Cob provides extra thick and sculptured walls easily, but the construction may be prone to shrinkage while drying, calling for careful selection of materials and construction detailing. Cob walls are usually load-bearing. A cob home will have a very distinct and unique quality to it that you will not find among conventional homes.
Cob buildings are massive monolith structures and are very well suited for moderate and warm climates as their mass provides excellent thermal storage. The cob itself is a “thermal mass” that absorbs sunlight and warms the building over the course of the day. This is called passive solar heating, and it will keep the inside of the building warm in the winter and cool in the summer. For colder climates with less solar exposure cob may not be the preferred building technique due to its lack of insulation properties.
If you live in a region that gets very cold in the winters, you could build a hybrid bale cob wall system. A bale cob wall consists of stacked straw bales covered with cob on the sides and mortared together. This provides better insulation value. Even if your winters don’t get extremely cold, you might consider doing bale cob on the West and North walls of your structure. These are the sides that get the least amount of sunlight.
Unlike conventional homes which are mostly constructed with synthetic, industrial-formed materials, cob homes are built almost entirely out of natural, clean materials. Industrial homes are full of indoor air pollutants and off-gassing of chemicals contained in the building materials. Cob homes do not have this problem. In fact, cob actually “breathes” through its tiny pores and keeps air fresh and clear. If you suffer from indoor allergies then living in a cob house could significantly improve your quality of life by eliminating the toxins that may cause them.
A house made out of cob is actually a high standard home. Many uninformed people would label a house made out of materials such as mud as a poor living environment like something that would be found in a third-world country. However, this is not the case. On the contrary, a standard conventionally built home could easily be considered low standard if you think about all of their negative health and environmental effects they can have.
The straw, which is part of the cob mix, acts like a natural re-bar holding the whole structure together as one monolithic piece.
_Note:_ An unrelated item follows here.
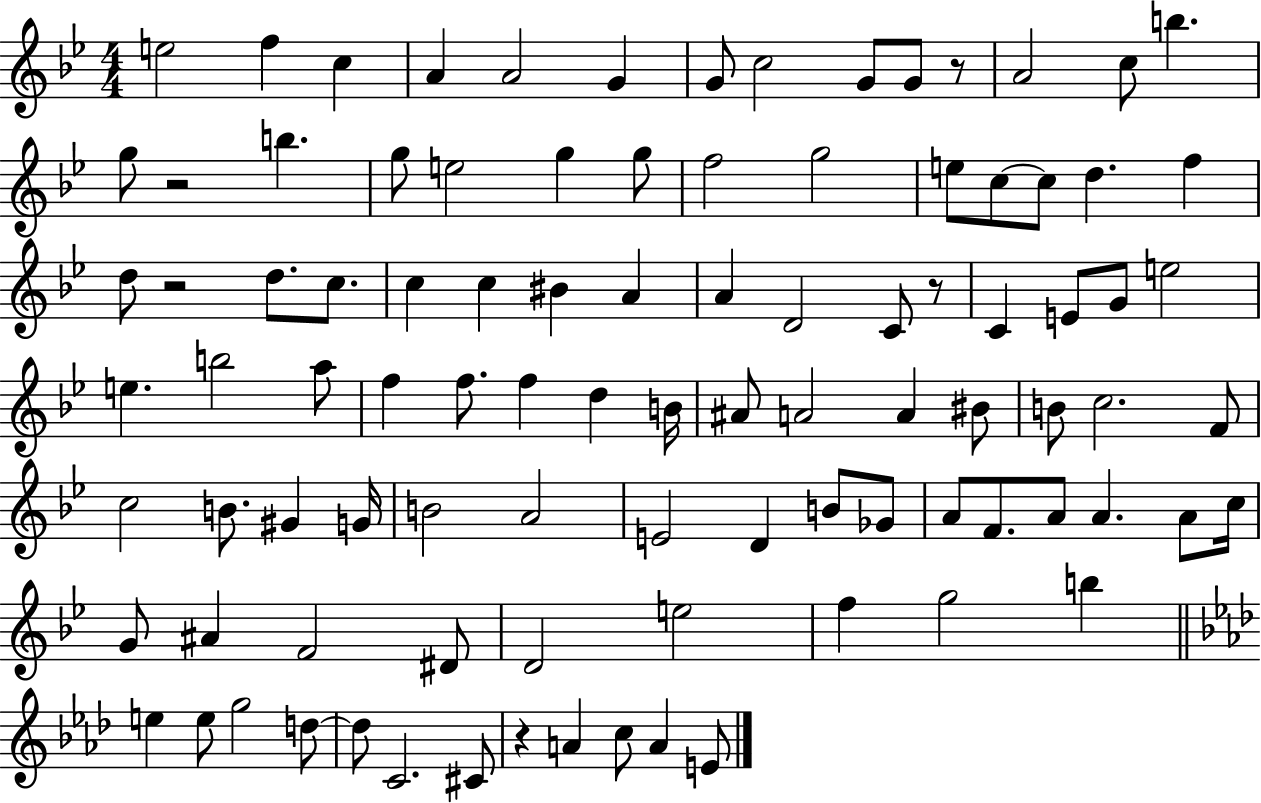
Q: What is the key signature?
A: BES major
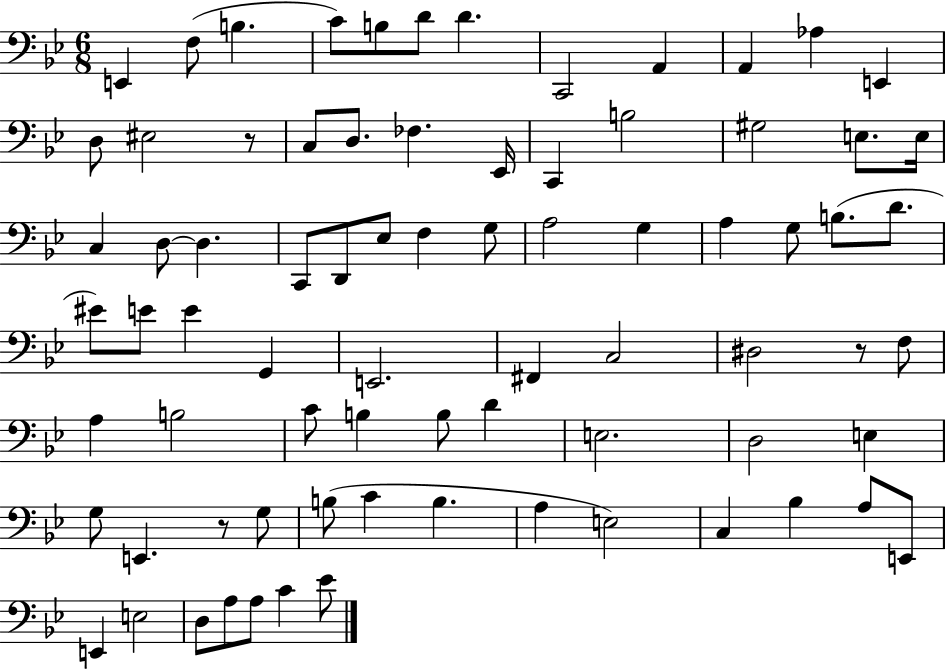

This makes cob homes extremely solid and resistant to earthquakes. Many cob homes have lasted for hundreds of years with minimal upkeep, whereas wooden structures generally survive only a few generations.
One of the most commonly asked questions about cob is “What happens when it rains?” The cob tradition originates in England and Wales, which are not dry places by any standard. These areas have whole villages of cob buildings, many of them hundreds of years old.
The secret is the same as that of any building style: A good roof and a good foundation are the keys to survival in wet climates. A stem wall with sufficient height to protect the walls from splashing water when it rains and large roof overhangs are time proven methods to ensure the survival of the structure.